Mercurialの限界は?

Mercurialは現在ファイルやインデックスや マニフェスト は効率のためメモリ内で処理します。

その他、ファイル名の長さやファイルの大きさ、ファイルの内容、ファイル数、リビジョン数には制限はありません。 (see also RepoSamples for the sizes of some example repositories.)

ネットワークプロトコルはビッグエンディアンであると規定されています。

ファイル名は null 文字や改行を含んではいけません。コミッタのアドレスは改行を含むことはできません。

Mercurialは主にUNIX上で開発されているため、他への移植版にUnix的要素が表れることがあります。

Mercurial encodes filenames (see CaseFolding, CaseFoldingPlan, fncacheRepoFormat) when storing them in the repository. Most notably, uppercase characters in filenames are encoded as two characters in the filename in the repository ("FILE""_f_i_l_e").

Mercurialはデータをどのように格納するの?

The fundamental storage type in Mercurial is a revlog. A revlog is the set of all revisions of a named object. Each revision is either stored compressed in its entirety or as a compressed binary delta against the previous version. The decision of when to store a full version is made based on how much data would be needed to reconstruct the file. This lets us ensure that we never need to read huge amounts of data to reconstruct a object, regardless of how many revisions of it we store.

In fact, we should always be able to do it with a single read, provided we know when and where to read. This is where the index comes in. Each revlog has an index containing a special hash (nodeid) of the text, hashes for its parents, and where and how much of the revlog data we need to read to reconstruct it. Thus, with one read of the index and one read of the data, we can reconstruct any version in time proportional to the object size.

Similarly, revlogs and their indices are append-only. This means that adding a new version is also O(1) seeks.

Revlogs are used to represent all revisions of files, manifests, and changesets.
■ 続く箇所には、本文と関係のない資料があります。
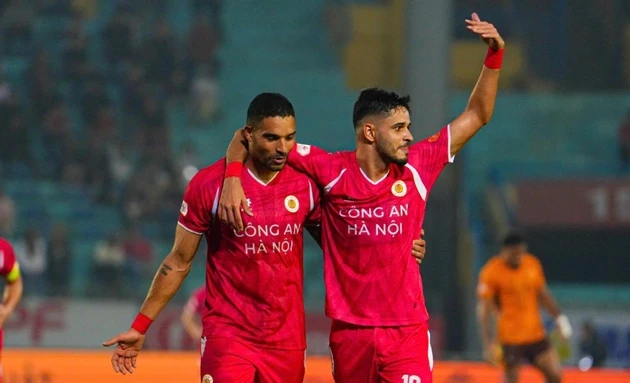 Những nút thắt kịch tính ở hai đầu bảng xếp hạng V-League Những nút thắt kịch tính ở hai đầu bảng xếp hạng V-League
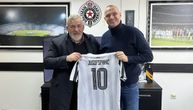 Mustafa Jusufspahić posetio Partizan pred derbi: Od sportskog direktora i trenera dobio vredan poklon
Compression for typical objects with lots of revisions can range from 100 to 1 for things like project makefiles to over 2000 to 1 for objects like the manifest.

バイナリファイルの取り扱いはどうなっているの?

Core Mercurial tracks but never modifies file content, and it is thus binary safe. See BinaryFiles for more discussion of commands which interpret file content, e.g. merge, diff, export and annotate.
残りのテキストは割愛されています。